Stored items:
============
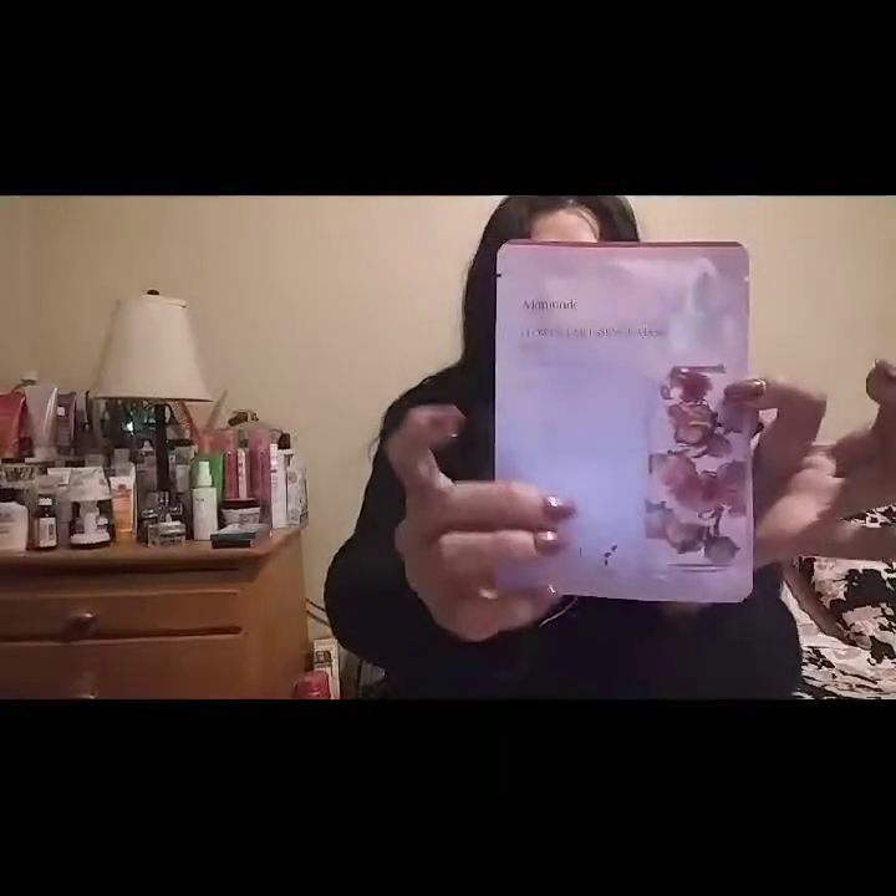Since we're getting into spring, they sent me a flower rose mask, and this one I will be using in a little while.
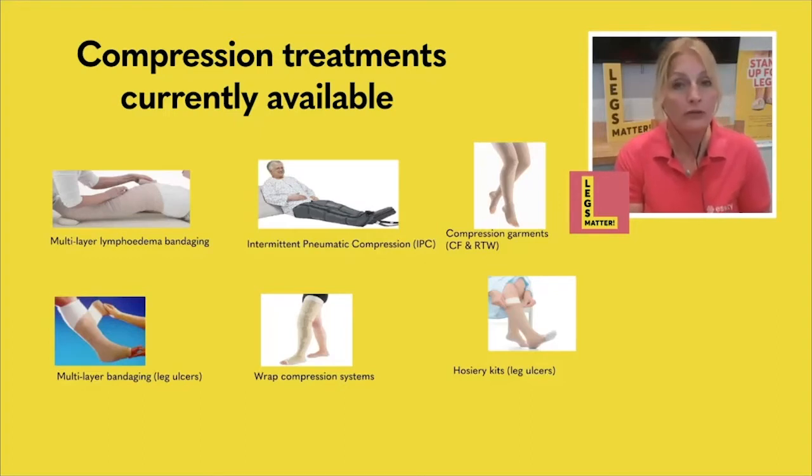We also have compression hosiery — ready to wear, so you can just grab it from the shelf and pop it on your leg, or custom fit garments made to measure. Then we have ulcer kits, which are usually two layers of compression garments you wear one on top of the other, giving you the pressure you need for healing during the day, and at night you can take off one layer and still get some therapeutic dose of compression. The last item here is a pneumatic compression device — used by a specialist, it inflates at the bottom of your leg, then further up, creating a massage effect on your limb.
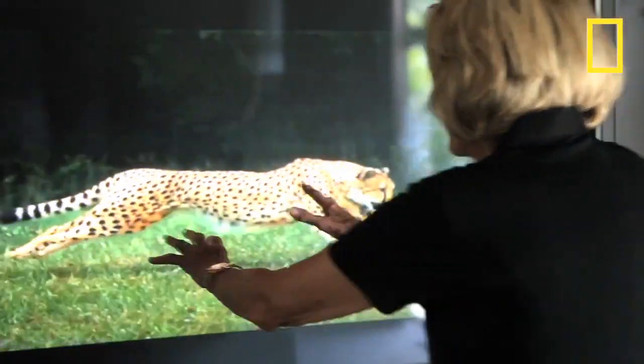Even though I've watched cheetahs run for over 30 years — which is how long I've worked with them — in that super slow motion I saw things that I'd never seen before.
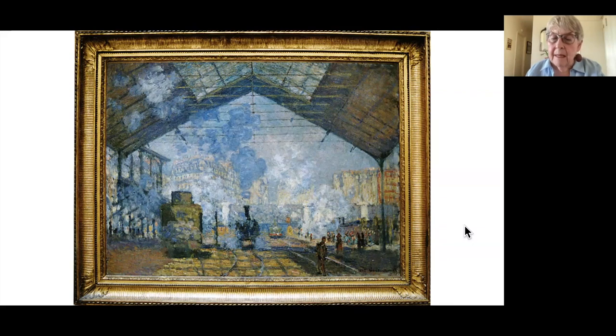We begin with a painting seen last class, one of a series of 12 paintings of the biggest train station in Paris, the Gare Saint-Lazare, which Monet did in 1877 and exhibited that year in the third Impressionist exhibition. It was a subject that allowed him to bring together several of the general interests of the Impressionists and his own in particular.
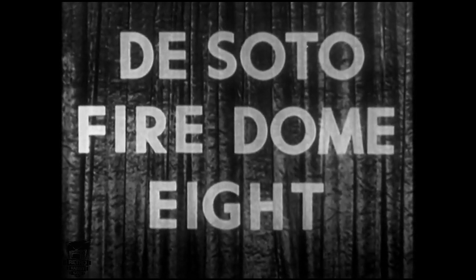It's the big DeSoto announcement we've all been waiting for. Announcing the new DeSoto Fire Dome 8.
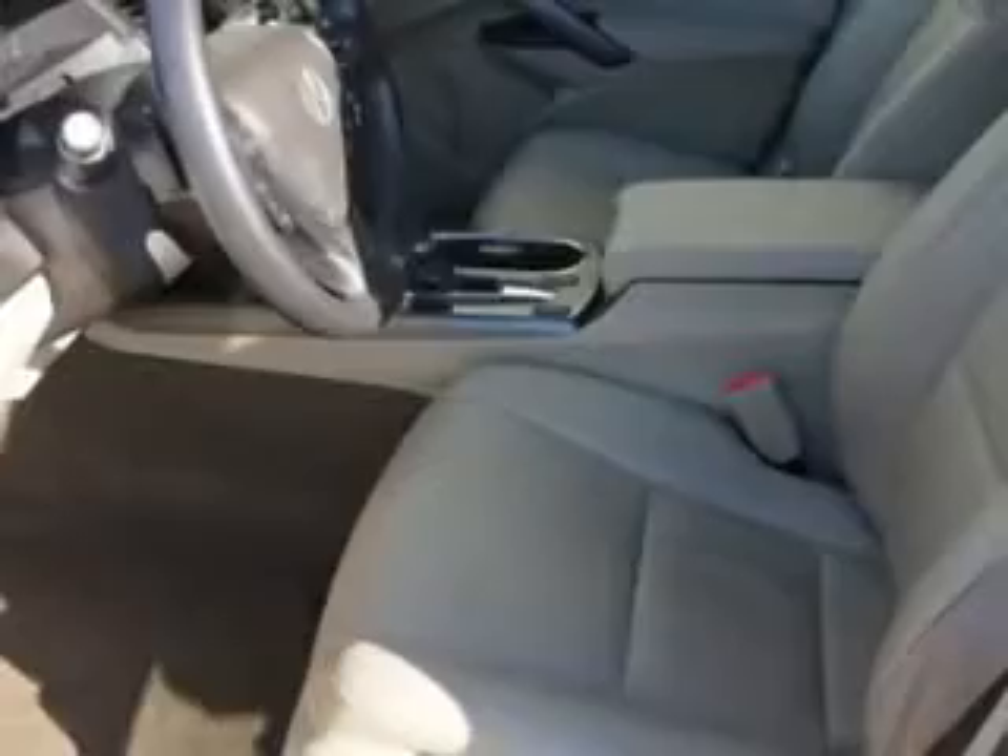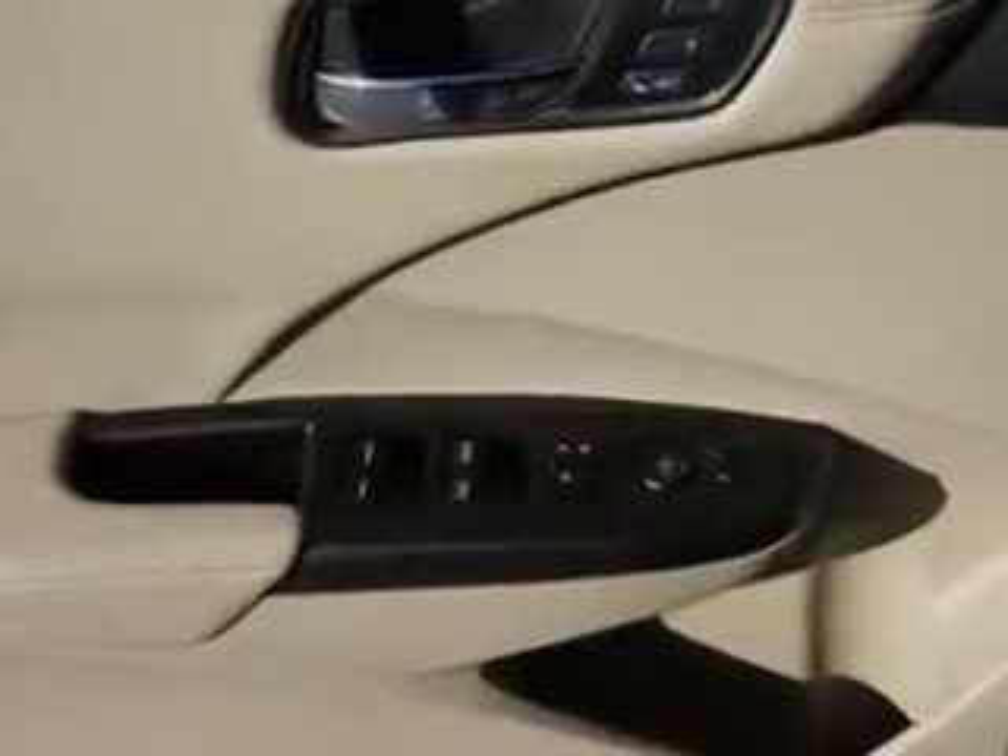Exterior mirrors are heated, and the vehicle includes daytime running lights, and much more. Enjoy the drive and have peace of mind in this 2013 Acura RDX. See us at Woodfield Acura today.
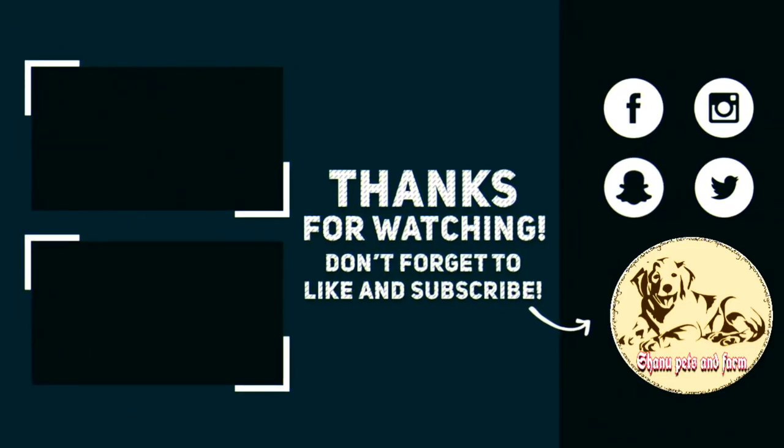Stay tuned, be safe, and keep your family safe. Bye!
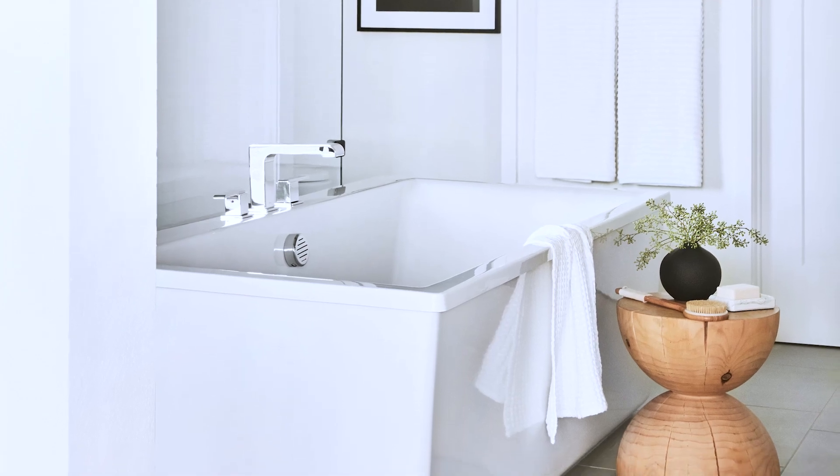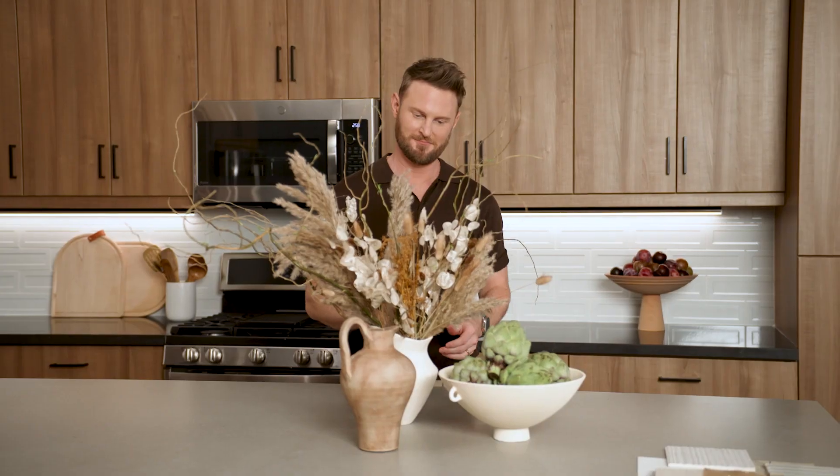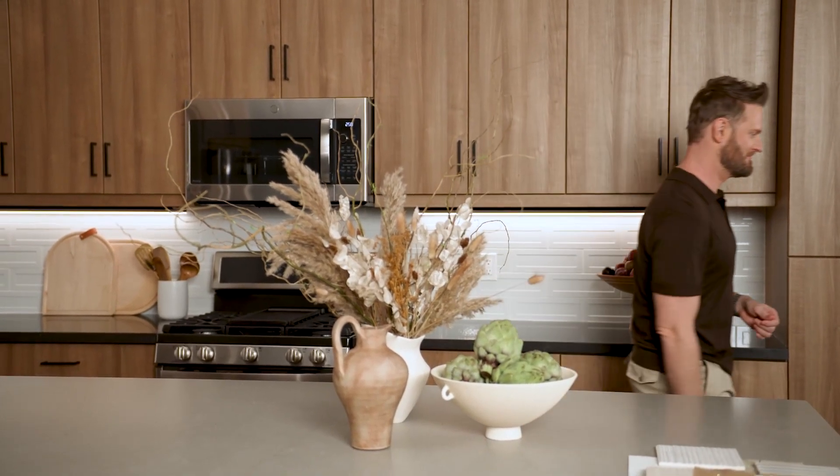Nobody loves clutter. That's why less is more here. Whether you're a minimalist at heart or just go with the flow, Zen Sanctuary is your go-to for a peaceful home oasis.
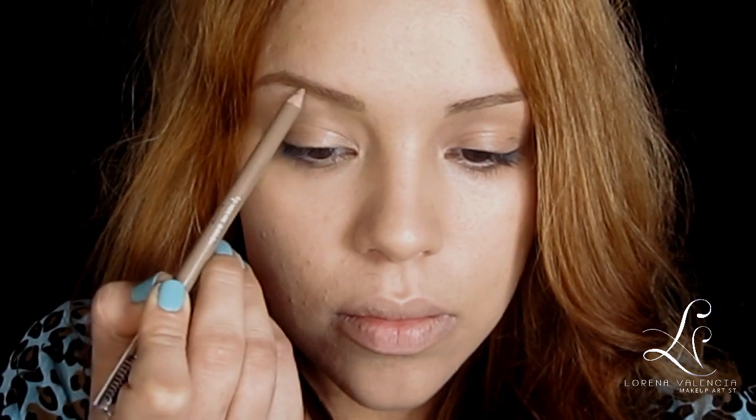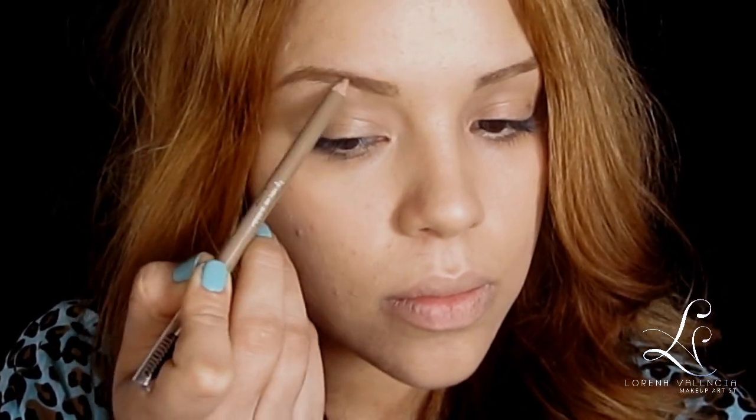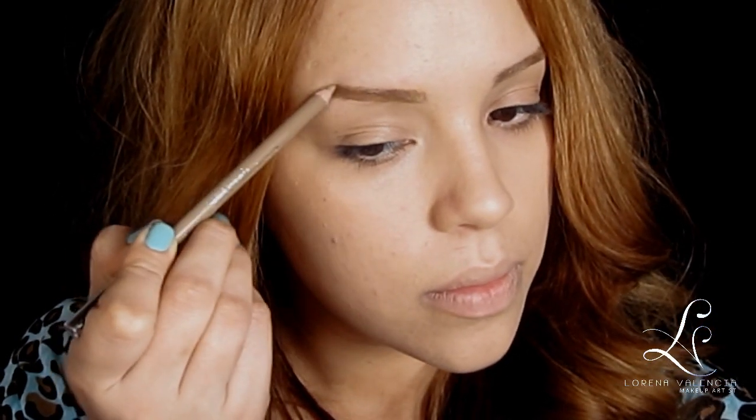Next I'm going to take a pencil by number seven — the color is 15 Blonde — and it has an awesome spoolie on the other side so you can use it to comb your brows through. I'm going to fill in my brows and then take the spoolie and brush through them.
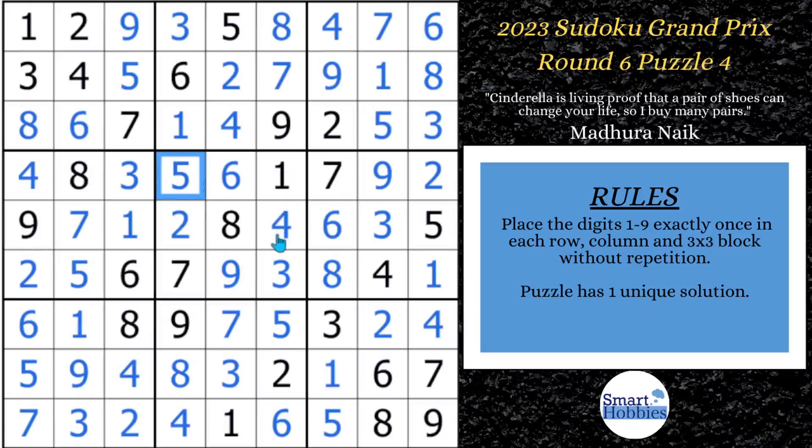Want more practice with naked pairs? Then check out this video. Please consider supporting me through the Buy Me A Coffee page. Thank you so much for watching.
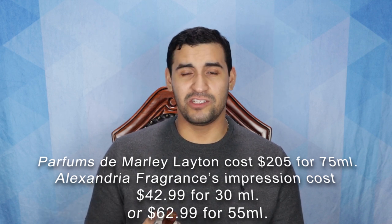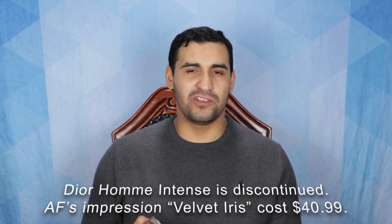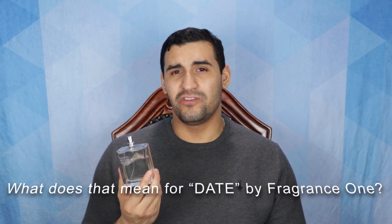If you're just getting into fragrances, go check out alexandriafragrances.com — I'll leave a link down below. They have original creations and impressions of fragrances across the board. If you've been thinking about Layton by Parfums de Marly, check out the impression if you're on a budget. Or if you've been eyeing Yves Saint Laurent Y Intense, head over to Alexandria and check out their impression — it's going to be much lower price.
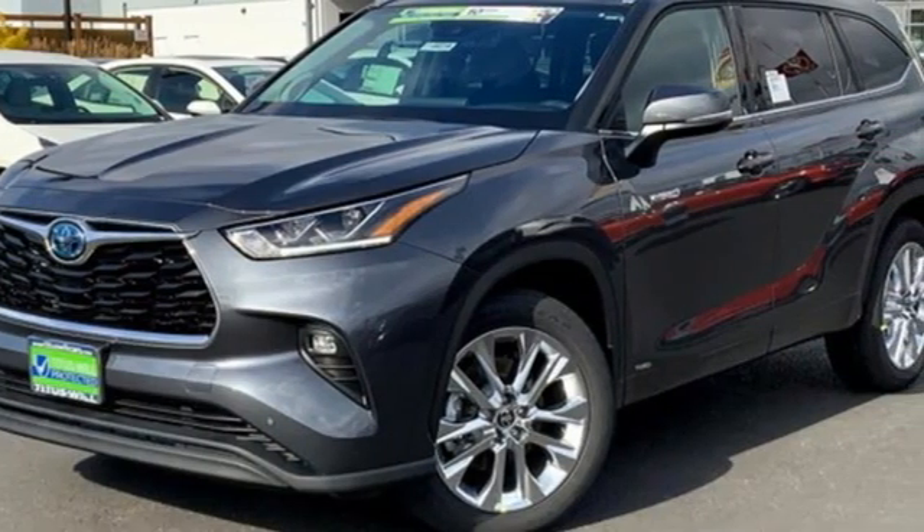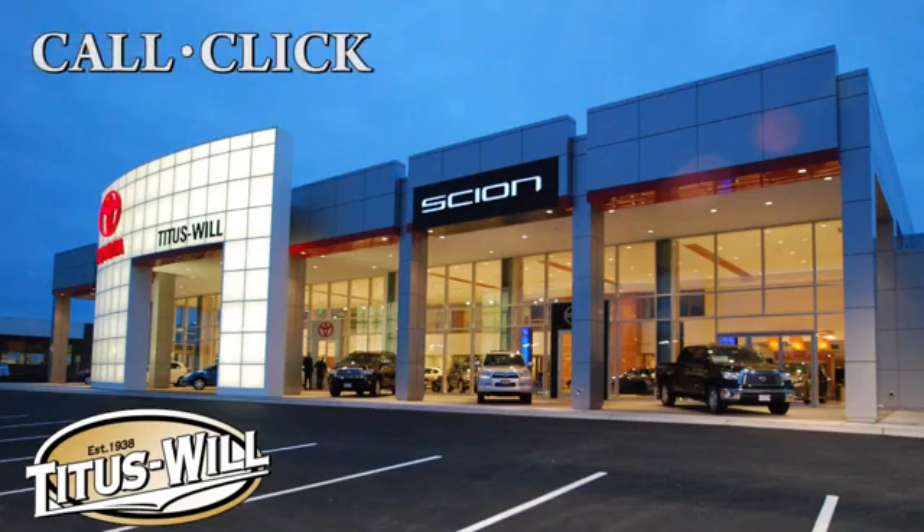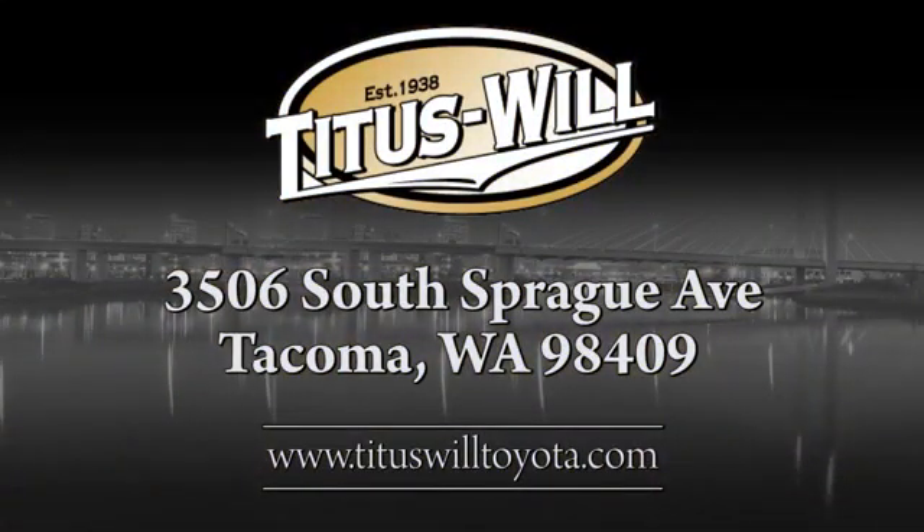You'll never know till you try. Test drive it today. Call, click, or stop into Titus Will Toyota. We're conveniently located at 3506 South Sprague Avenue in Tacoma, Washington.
============
◆ What you will do ◆
Repeat each record verbatim, pictures excluded.

◆ Output below ◆
Since we're getting into spring, they sent me a flower rose mask, and this one I will be using in a little while.
We also have compression hosiery — ready to wear, so you can just grab it from the shelf and pop it on your leg, or custom fit garments made to measure. Then we have ulcer kits, which are usually two layers of compression garments you wear one on top of the other, giving you the pressure you need for healing during the day, and at night you can take off one layer and still get some therapeutic dose of compression. The last item here is a pneumatic compression device — used by a specialist, it inflates at the bottom of your leg, then further up, creating a massage effect on your limb.
Even though I've watched cheetahs run for over 30 years — which is how long I've worked with them — in that super slow motion I saw things that I'd never seen before.
We begin with a painting seen last class, one of a series of 12 paintings of the biggest train station in Paris, the Gare Saint-Lazare, which Monet did in 1877 and exhibited that year in the third Impressionist exhibition. It was a subject that allowed him to bring together several of the general interests of the Impressionists and his own in particular.
It's the big DeSoto announcement we've all been waiting for. Announcing the new DeSoto Fire Dome 8.
Exterior mirrors are heated, and the vehicle includes daytime running lights, and much more. Enjoy the drive and have peace of mind in this 2013 Acura RDX. See us at Woodfield Acura today.
Stay tuned, be safe, and keep your family safe. Bye!
Nobody loves clutter. That's why less is more here. Whether you're a minimalist at heart or just go with the flow, Zen Sanctuary is your go-to for a peaceful home oasis.
Next I'm going to take a pencil by number seven — the color is 15 Blonde — and it has an awesome spoolie on the other side so you can use it to comb your brows through. I'm going to fill in my brows and then take the spoolie and brush through them.
Want more practice with naked pairs? Then check out this video. Please consider supporting me through the Buy Me A Coffee page. Thank you so much for watching.
If you're just getting into fragrances, go check out alexandriafragrances.com — I'll leave a link down below. They have original creations and impressions of fragrances across the board. If you've been thinking about Layton by Parfums de Marly, check out the impression if you're on a budget. Or if you've been eyeing Yves Saint Laurent Y Intense, head over to Alexandria and check out their impression — it's going to be much lower price.
You'll never know till you try. Test drive it today. Call, click, or stop into Titus Will Toyota. We're conveniently located at 3506 South Sprague Avenue in Tacoma, Washington.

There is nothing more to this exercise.